Each citizen in the ancient republics, circumscribed by the smallness of their territory, had great personal importance politically. The exercise of political rights there was everybody’s constant enjoyment and occupation. For example, in Athens the whole people took part in trials. Their share of sovereignty was not as in our time an abstract supposition. Their will was a real influence and [421] not susceptible to mendacious falsification and corrupted representation. If political power was oppressive, each citizen consoled himself with the hope of exercising it. Today the mass of citizens is called to exercise sovereignty only in illusory fashion. The people can only be slaves or free; but they are never in charge.

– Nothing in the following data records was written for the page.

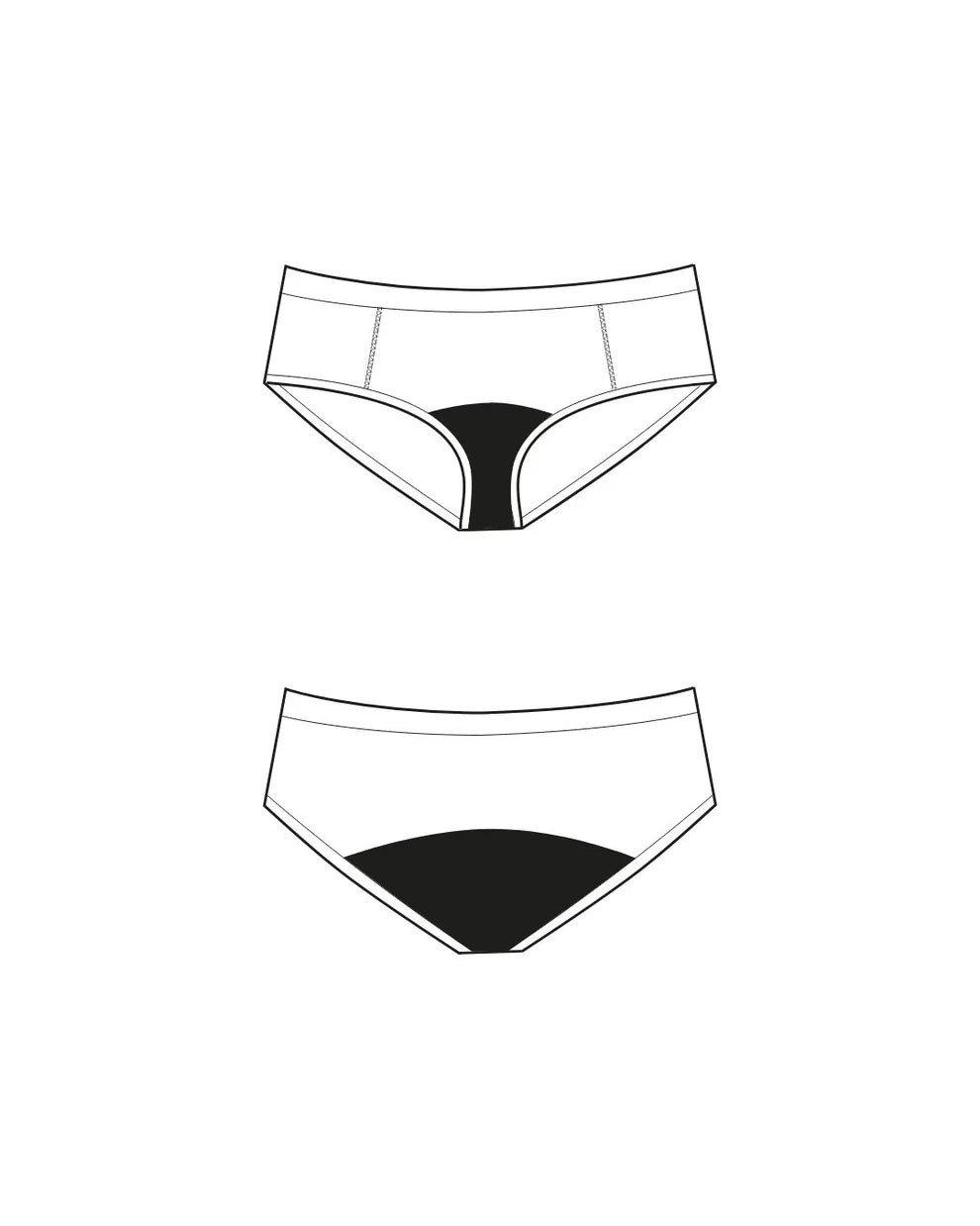 Sliponline Moodies Menstruatie dames kanten hipster - Hipster lace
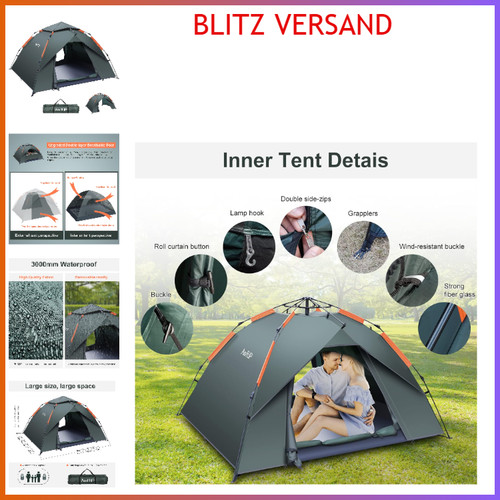 Camping zelt kuppelzelt 3 - camping,
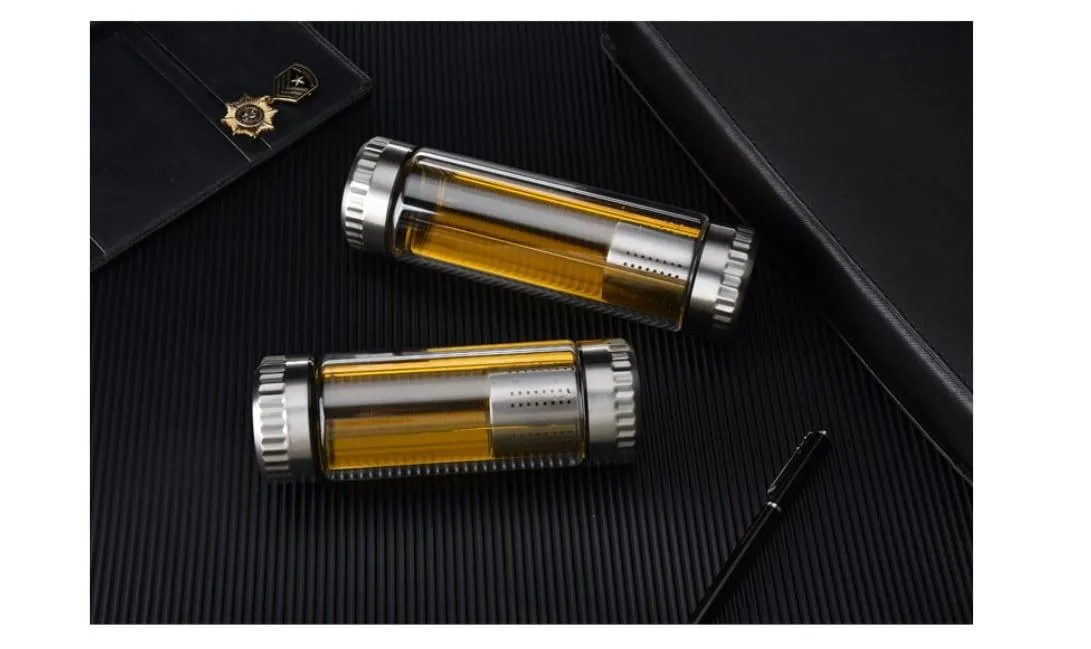 Glass Water Bottle with Tea Infuser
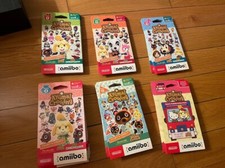 Animal Crossing New Horizons Amiibo Card Pack Series 1-5 Single Pack Nintendo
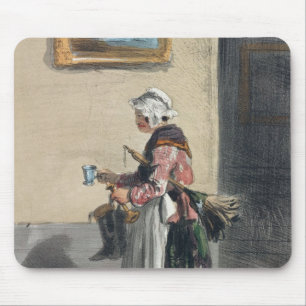 The Cleaning Lady, from 'Les Femmes de Paris' Mouse Mat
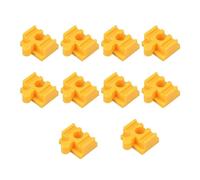 Guangcailun Wooden Train Track Accessories For Building Games Offer Family Time And Educational Fun Track Connector Builder Set Connector With Kids. For Wooden Train Set, Yellow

The happiness of the majority no longer rests in the enjoyment of power but in individual freedom. Among the ancients the extension of political power constituted the prerogative of each citizen. In modern times it consists in the sacrifices individuals make.

In the ancient republics, while the exercise of political authority was a right for all, at the same time submission to that fearsome power was also a necessity for all. The people engaged in sovereign debate in the public place. Every citizen was visible and de facto subject to that sovereignty. Today the great States have created a new guarantee, obscurity. This guarantee reduces the dependence of individuals on the nation. Now it is clear, absolutely clear, that a dependence which on the one hand gives less enjoyment and on the other can be avoided more easily is one which cannot last.

[2. ]This was on the other hand the subject of a “grand treatise” on politics, from a work abandoned in 1806, entitled “On the Possibility of a Republican Constitution in a Large Country,” of which only the Fragments remain.